[Captioned web images]
========

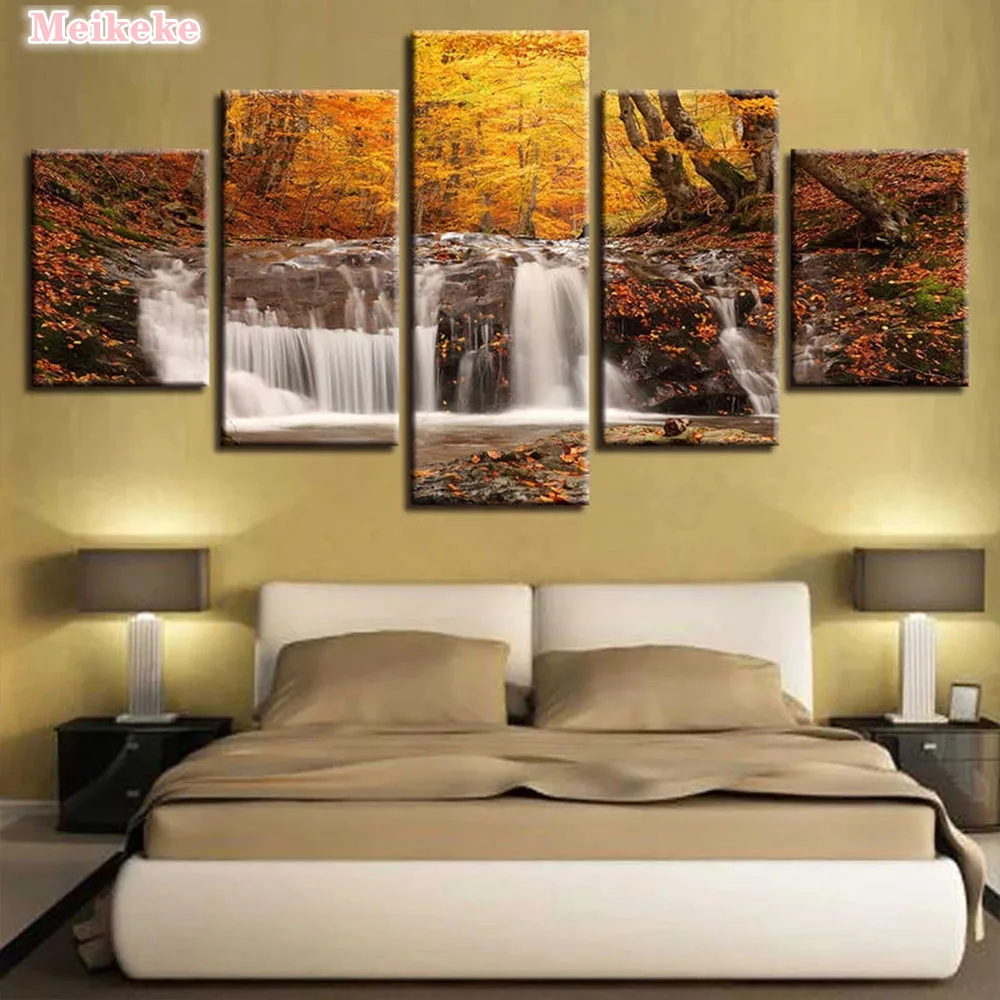 

DIY 5D Autumn Scenery Waterfall Diamond Painting 5 Piece Full Square Round Drill Diamond Embroidery Mosaic Craft Supplies Decor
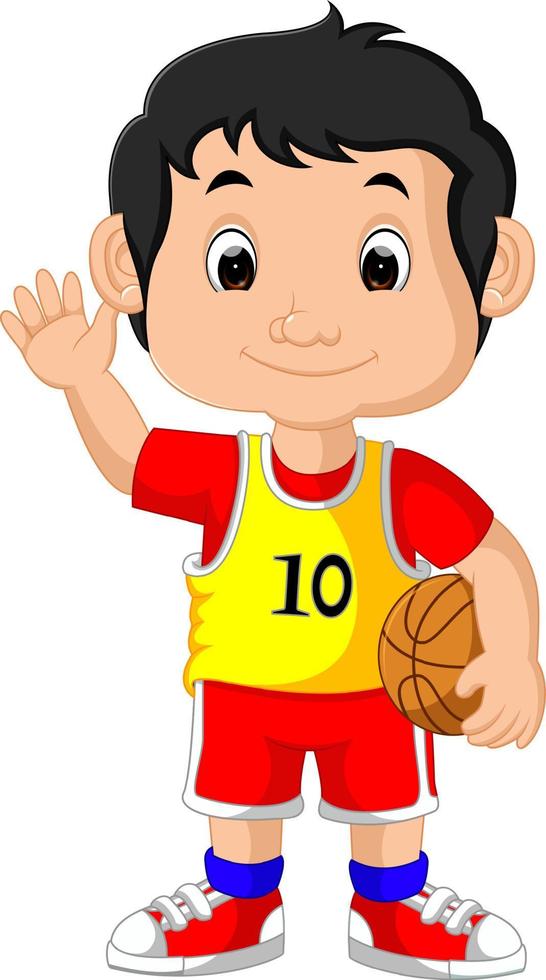 Illustration of a young male basketball player vector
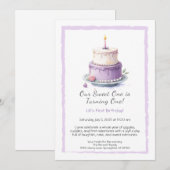 Waterverf 1e verjaardagsuitnodiging met lila taart kaart (Voorkant / Achterkant)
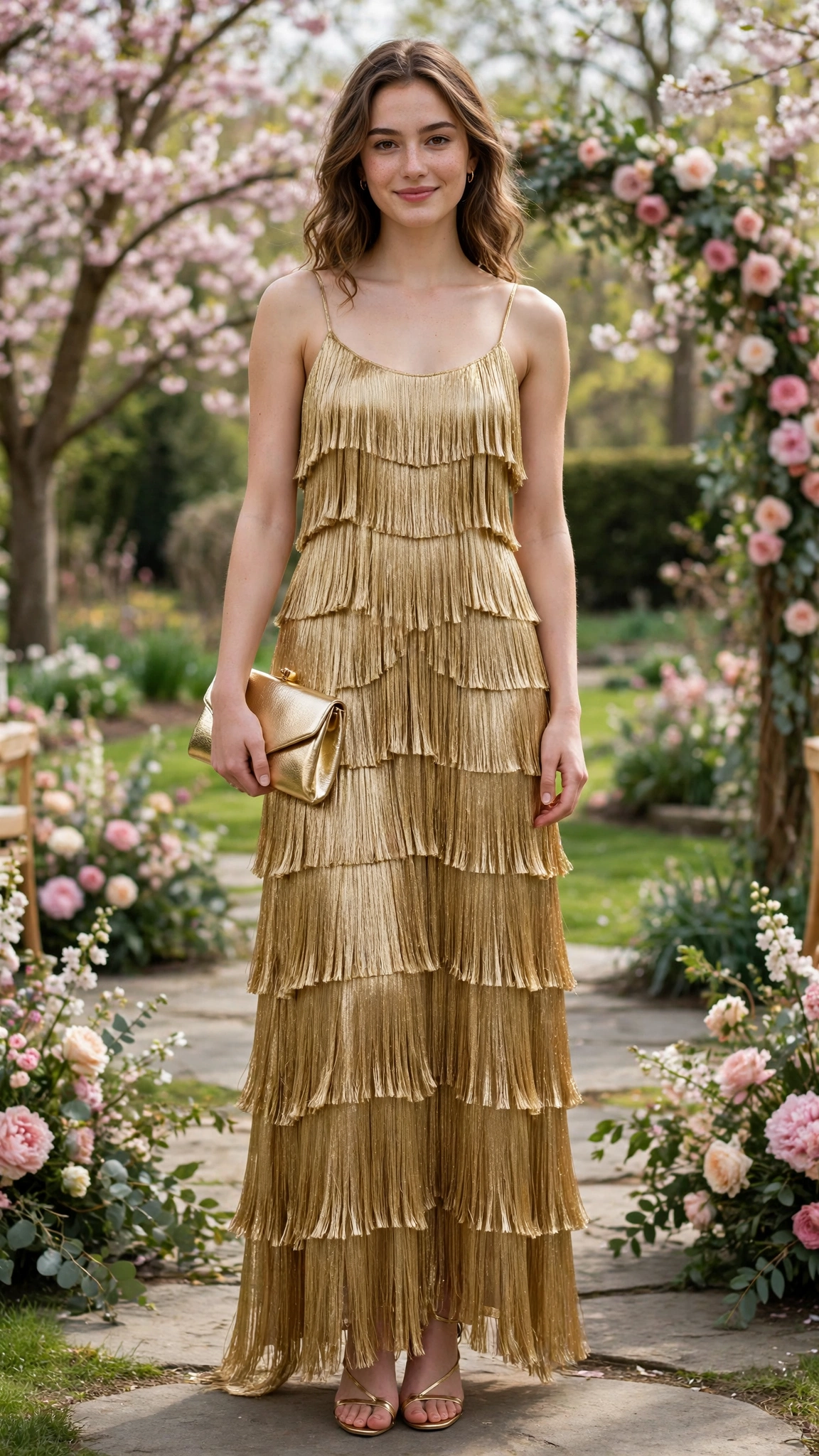 Gold fringe tiered dress with a metallic clutch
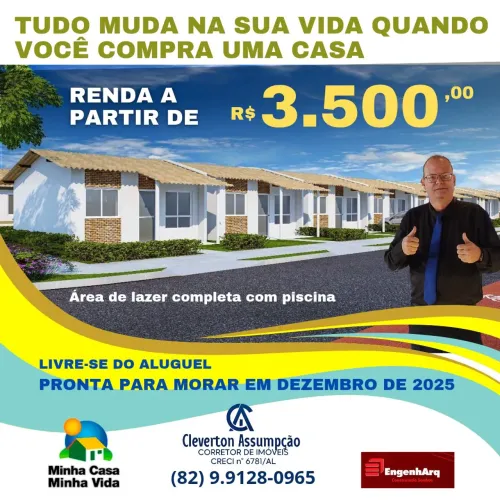 LINDAS CASAS - RENDA R$ 3.500 - 53M²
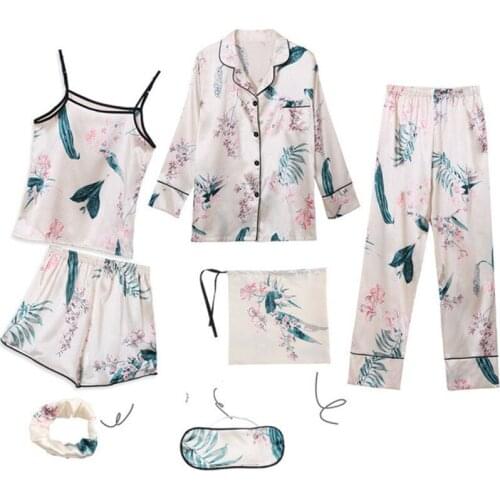 Sexy Pajamas Set Women Rayon Stitch Print Pyjama 7Piece/Suit Long Shirt Pant Shorts Homewear 2020 Fashion Clothes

========

### TASK
Write out exactly the lines that run from the one containing "Gold fringe tiered" to the last line of the entries above, both ends kept, pictures left out.

### SOLUTION TO THE PROBLEM
 Gold fringe tiered dress with a metallic clutch
 LINDAS CASAS - RENDA R$ 3.500 - 53M²
 Sexy Pajamas Set Women Rayon Stitch Print Pyjama 7Piece/Suit Long Shirt Pant Shorts Homewear 2020 Fashion Clothes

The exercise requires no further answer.